Before choosing the right diamond blade for your application, it’s helpful to know how they are made and how they work.
Having this knowledge will ensure a successful experience on your jobsite.
How are diamond blades made?
Diamond blades are made up of two components: the steel core and the segment.
1. Steel Core: Support Part
The core is typically a round flat metal disc used to support the outer segments. The diamond can be attached to the core using vacuum brazing, sintering, or laser welding.
Vacuum Brazed or Sintered Attachment
The process level used to manufacture the core is related to the attachment methods. Lower cost, higher volume blades use either a vacuum brazed or sintered attachment process. Vacuum brazed and sintered blades are intended for dry cutting soft material on low horsepower equipment. The cores used for these blades are typically very simple and do not undergo many of the steps of the blades for more aggressive applications.
Laser Welded Attachment
Of the three most common forms of attaching the segments to the core, and by far the method that yields the strongest bond to the core, is laser welding. As the pioneer in laser welding, Norton continues to develop and perfect laser welding techniques. The more aggressive applications for diamond blades involve the use of higher horsepower equipment wet cutting harder materials to much greater cut depths. The steel cores for these aggressive applications are thicker, heat-treated, precision-ground, and tensioned. The additional thickness and heat treatment allows the core to withstand the flexing stress of the heavier equipment and higher horsepower.
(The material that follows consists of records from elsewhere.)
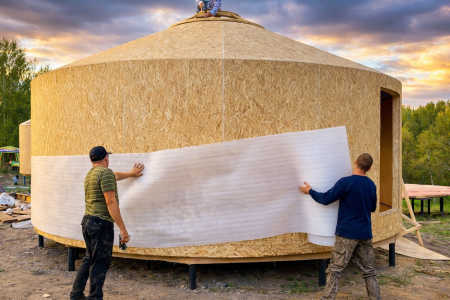 Η διαδικασία κατασκευής μιας χαμηλού κόστους κατοικίας μέσα σε λίγες ημέρες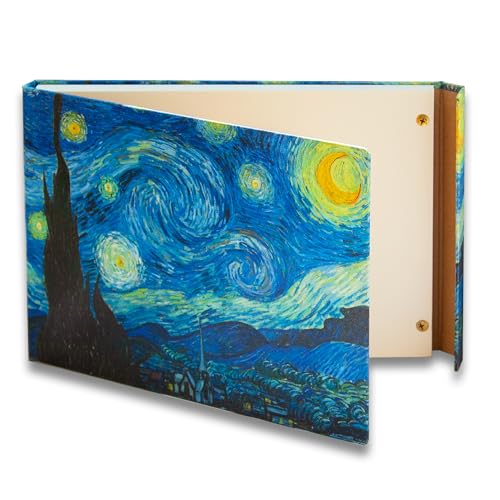 Watercolor Paper Pad — Magnetic Hardcover — 100% Cotton Watercolor Paper, Cold Press 200 GSM — 40 Sheets — Lay-Flat Watercolor Sketchbook — Art Supplies — KIROSKETCH (Starry Night 9x12 inch (A4) - color: Starry Night, size: 9x12 inch (A4)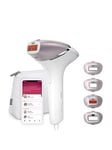 Philips Lumea Prestige IPL Hair removal device with 4 attachments for Face, Body, Underarms and Bikini, BRI947/00, One Colour, Women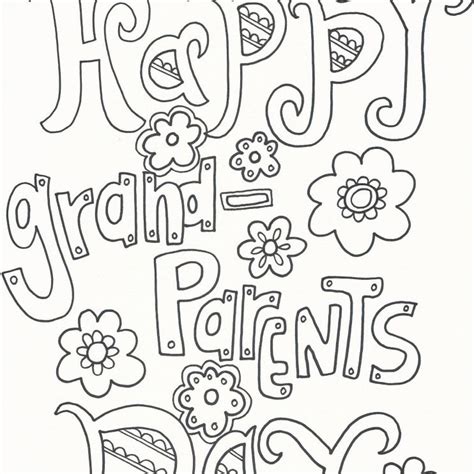 Free, Printable Grandparents Day Coloring Page - Coloring Home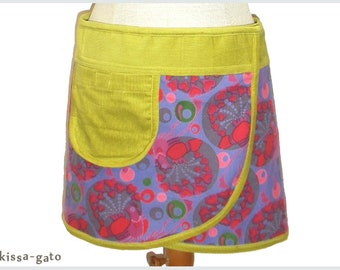 Velcro Skirt Cacheur PIKA K1 Cord Velcro Wrap Skirt Rock kissagato S M L XL olive purple colorful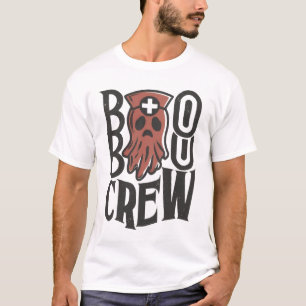 T-shirt Équipe de fantômes d'Halloween infirmière fantôme
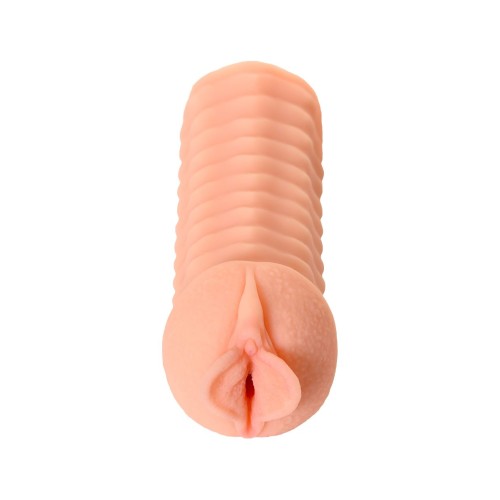 Телесный реалистичный мастурбатор-вагина Elegance.006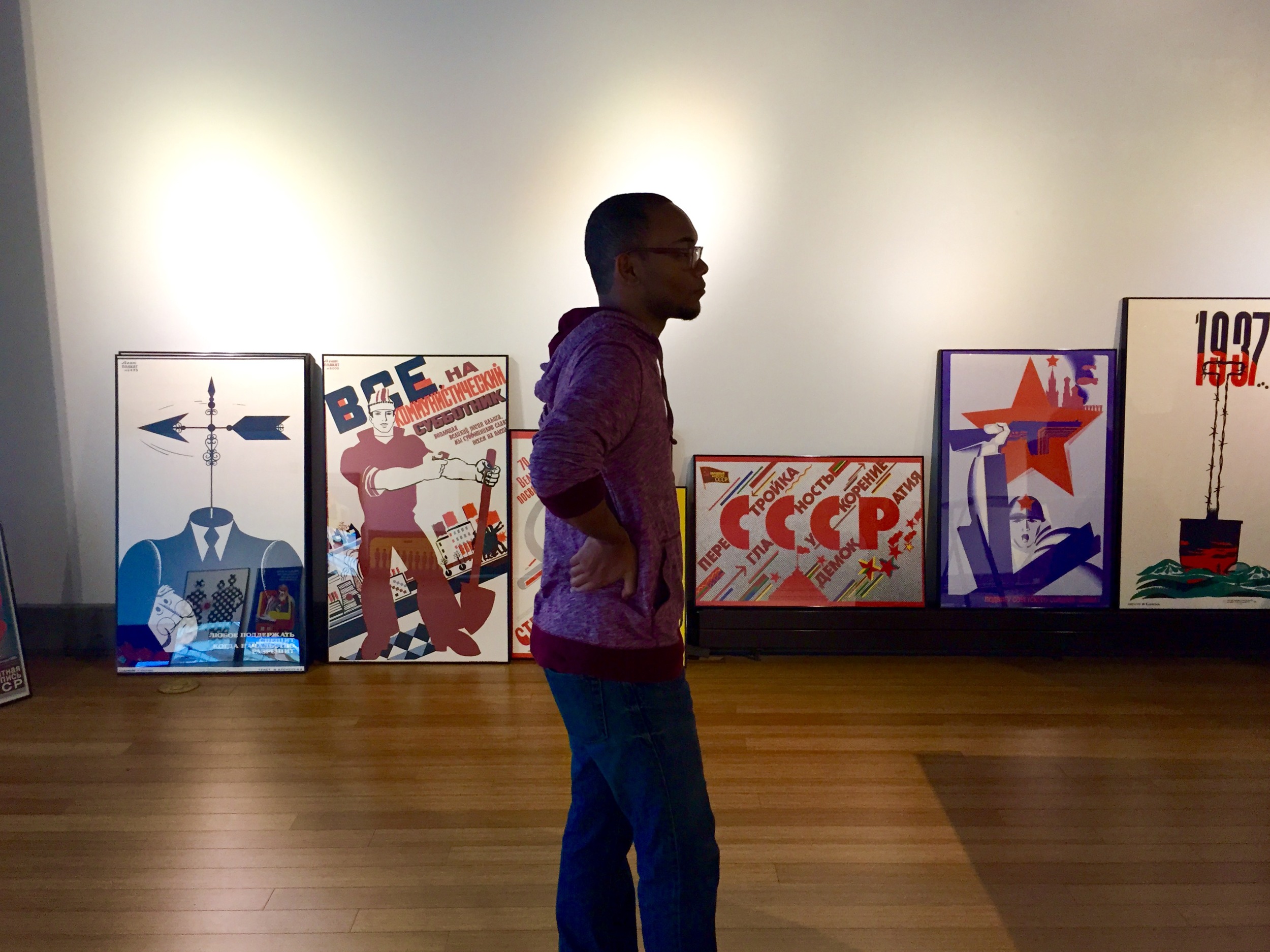 The exhibition was hung by SDCC students and staff, guided by the master plan of professor Amy Levine.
The precision grind on the surface minimizes the drag while the tensioning establishes the flatness of the blade at a specific rpm range.
2. Segment: Cutting Part
The SEGMENT is made up of two components: diamond and metal bonds.
a. Diamond Crystals (Cut)
The diamond used is manufactured or synthetic as opposed to natural. Manufactured diamond is preferred over natural diamond because key characteristics like crystal shape, size, and strength can be closely controlled through the manufacturing process. The ability to control the key characteristics of the synthetic diamond allow for accurate prediction of cutting speed and blade life as well as consistent repeatability. Some other important factors to consider about diamond are the:
• amount of diamond in the segment
• quality of the diamond in the segment
• size of the diamond in the segment
Amount of Diamond:
The amount of diamond in the segment is variable and requires more horsepower as the content of diamond is increased in the segment. Simply put it means that as more diamond is added to the segment more horsepower is needed to make the blade cut. In practical terms this means that blades for high horsepower saws will have more diamond in the segment.
Quality of the Diamond:
The quality of the diamond determines the ability of the individual diamond to resist heat and maintain a sharp point. Better diamonds can hold a point longer at higher temperatures.
Size of the Diamond:
Finally the last thing to consider is the size of the diamond. The individual’s diamond sizes are specified in mesh ranges like 25-35 or 50-60. The higher the numbers the finer the individual particles. In practical application finer diamond is used for critically-hard material like Chert or Quartz while the larger more coarse diamond is used for soft materials like asphalt and soft red clay bricks.
b. Bonding System (Wears)
The bond is a mixture of metal powders used in various combinations to achieve specific wear rates. A correctly-formulated bond holds the diamond in place, just long enough to get maximum use from the diamond points before releasing the stone and exposing the next layer of diamond.
The wear rate for the segment can be simplified to the ability of a metal to resist wear from abrasion. Metals with low abrasion resistance like bronze are considered soft. The soft bonds are mostly made up of soft metals like Bronze and are common when cutting very hard less abrasive material like porcelain. The hard bonds are mostly made up of hard metals like Tungsten Carbide and are common when cutting very soft abrasive materials like asphalt or freshly poured concrete.
The best way to remember bond-to-material application is “opposites attract” - hard bonds for soft abrasive materials while soft bonds are used for hard less abrasive materials. In some extreme cases, it is possible to simply judge the hardness of the blade by noticing the color of the segment. Because soft blades contain a majority of Bronze, the soft blades for extremely hard materials will have a yellow tint to the segment.
How do diamond blades work?
Diamond blades don’t cut, they grind! The exposed diamond crystals do the grinding work. The metal matrix or bond holds the diamonds in place. Trailing behind each exposed diamond is a “bond tail” which helps to support the diamond. As the blade rotates through the material the exposed surface of the diamonds grind the material being cut into a fine powder.
After several thousand passes through the material being cut, the exposed diamonds begin to crack and fracture. The matrix holding the diamond also begins to wear away.
Eventually the diamond completely breaks up and its fragments are swept away with the material that it is grinding.
As the diamond wears and fractures, controlled erosion of the metal bond containing the diamond exposes new sharp diamond points. This cycle of erosion and exposure continues until all of the diamond and metal bond section of the segment is gone. Once the cutting section is consumed the blade will no longer grind letting the operator know it is time for a new blade.